Re: x86-64: Maintain 16-byte stack alignment
From: Andy Lutomirski
Date: Thu Jan 12 2017 - 20:47:27 EST
On Thu, Jan 12, 2017 at 12:15 PM, Josh Poimboeuf <jpoimboe@xxxxxxxxxx> wrote:
> On Thu, Jan 12, 2017 at 12:08:07PM -0800, Andy Lutomirski wrote:
>> On Thu, Jan 12, 2017 at 11:51 AM, Linus Torvalds
>> <torvalds@xxxxxxxxxxxxxxxxxxxx> wrote:
>> > On Thu, Jan 12, 2017 at 6:02 AM, Josh Poimboeuf <jpoimboe@xxxxxxxxxx> wrote:
>> >>
>> >> Just to clarify, I think you're asking if, for versions of gcc which
>> >> don't support -mpreferred-stack-boundary=3, objtool can analyze all C
>> >> functions to ensure their stacks are 16-byte aligned.
>> >>
>> >> It's certainly possible, but I don't see how that solves the problem.

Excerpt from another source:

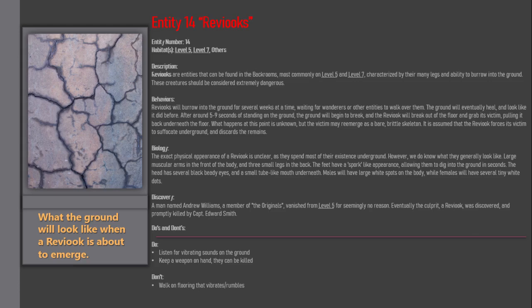Behaviors: Reveacs will burrow into the ground for several weeks at a time, waiting for wanderers or other entities to walk over them. The ground will eventually heal and look like it did before.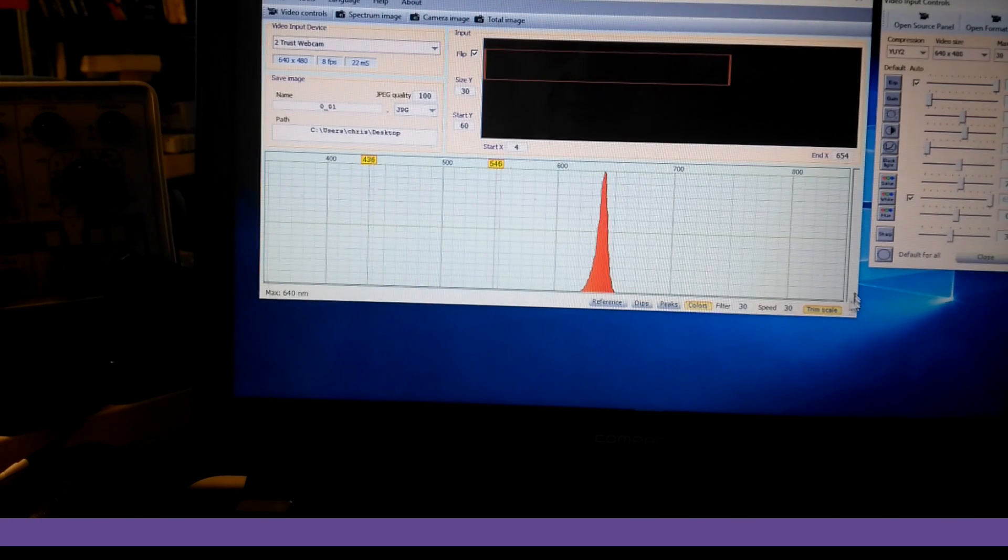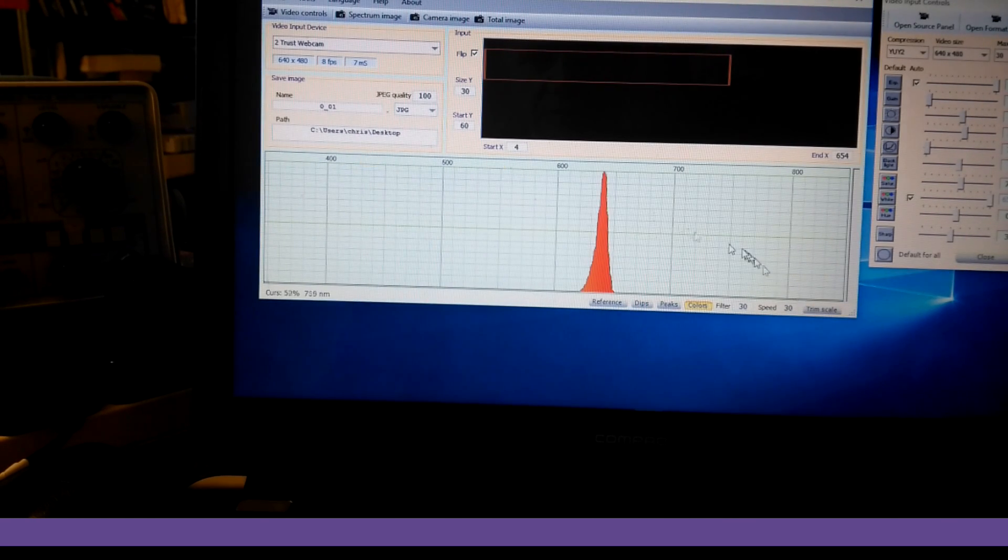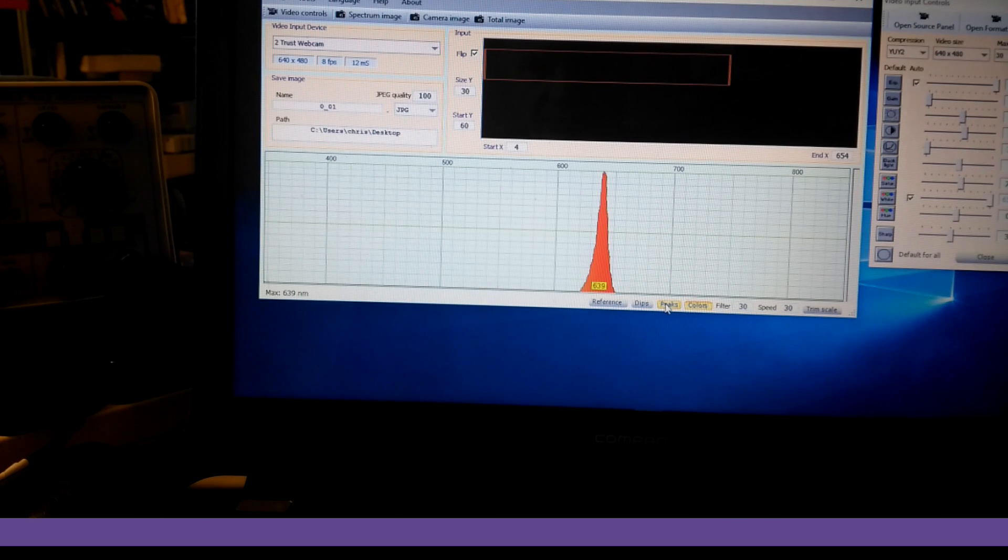There is the laser, and it's reading at what, 600 and... We'll take the trim off, and then we'll actually read the value. Peaks.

>> >> The stack will still be misaligned by entry code. Or am I missing
>> >> something?
>> >
>> > I think the argument is that we *could* try to align things, if we
>> > just had some tool that actually then verified that we aren't missing
>> > anything.
>> >
>> > I'm not entirely happy with checking the generated code, though,
>> > because as Ingo says, you have a 50:50 chance of just getting it right
>> > by mistake. So I'd much rather have some static tool that checks
>> > things at a code level (ie coccinelle or sparse).
>>
>> What I meant was checking the entry code to see if it aligns stack
>> frames, and good luck getting sparse to do that. Hmm, getting 16-byte
>> alignment for real may actually be entirely a lost cause. After all,
>> I think we have some inline functions that do asm volatile ("call
>> ..."), and I don't see any credible way of forcing alignment short of
>> generating an entirely new stack frame and aligning that.
>
> Actually we already found all such cases and fixed them by forcing a new
> stack frame, thanks to objtool. For example, see 55a76b59b5fe.
What I mean is: what guarantees that the stack is properly aligned for
the subroutine call? gcc promises to set up a stack frame, but does
it promise that rsp will be properly aligned to call a C function?